Grafik: BI Rate vs FFR Feb. 2019 – Dec. 2024
Sumber: tradingeconomics.com
Pertumbuhan industri properti erat kaitannya dengan rezim suku bunga. Pada periode kenaikan suku bunga dari bank sentral, dampaknya adalah kenaikan suku bunga kredit, baik itu KPR bagi konsumen maupun kredit investasi bagi pengembang, sehingga cenderung menahan pertumbuhan industri properti. Sebaliknya, pada era penurunan suku bunga dari bank sentral termasuk Bank Indonesia, perbankan akan juga menurunkan suku bunga kreditnya dan berdampak positif pada pertumbuhan properti.
Sebagaimana diketahui, sebelumnya pada periode paska pandemi, sejak tahun 2022, kebijakan moneter ketat diterapkan oleh hampir semua bank sentral seluruh dunia dengan tren menaikkan suku bunga untuk melawan tekanan inflasi global.

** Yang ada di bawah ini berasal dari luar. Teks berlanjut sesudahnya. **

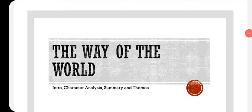Hello students, hope you are having an amazing day. I'm Mohammed Naim Amin Bhatti, and today we are going to discuss 'The Way of the World' written by William Congreve. We will discuss its introduction, character analysis, summary, and themes.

Namun dengan semakin meredanya tingkat inflasi dunia, para bank sentral mulai memangkas tingkat suku bunganya, termasuk Bank Indonesia.
Lalu bagaimana tren suku bunga global dan domestik pada tahun 2025 dan seterusnya? Pejabat the Fed baru-baru ini mengindikasikan bahwa mereka sekarang berharap untuk memangkas suku bunga hanya setengah poin (50 bps) pada tahun 2025, yang kemungkinan berarti dua kali pemangkasan suku bunga pada delapan pertemuan penetapan kebijakan mereka.
Demikian pula untuk BI, pada tahun 2025 ini kemungkinan penurunan BI Rate akan terbatas, yakni hanya dua kali penurunan masing-masing 25 bps. Artinya, pemangkasan sebesar 50 bps sepanjang tahun ini menuju level 5,5%. Ini pun dengan catatan, di mana bisa saja BI Rate lebih bertahan dan kemudian dikerek naik, di tengah situasi bertambahnya ketidakpastian ekonomi dan geopolitik global tahun 2025.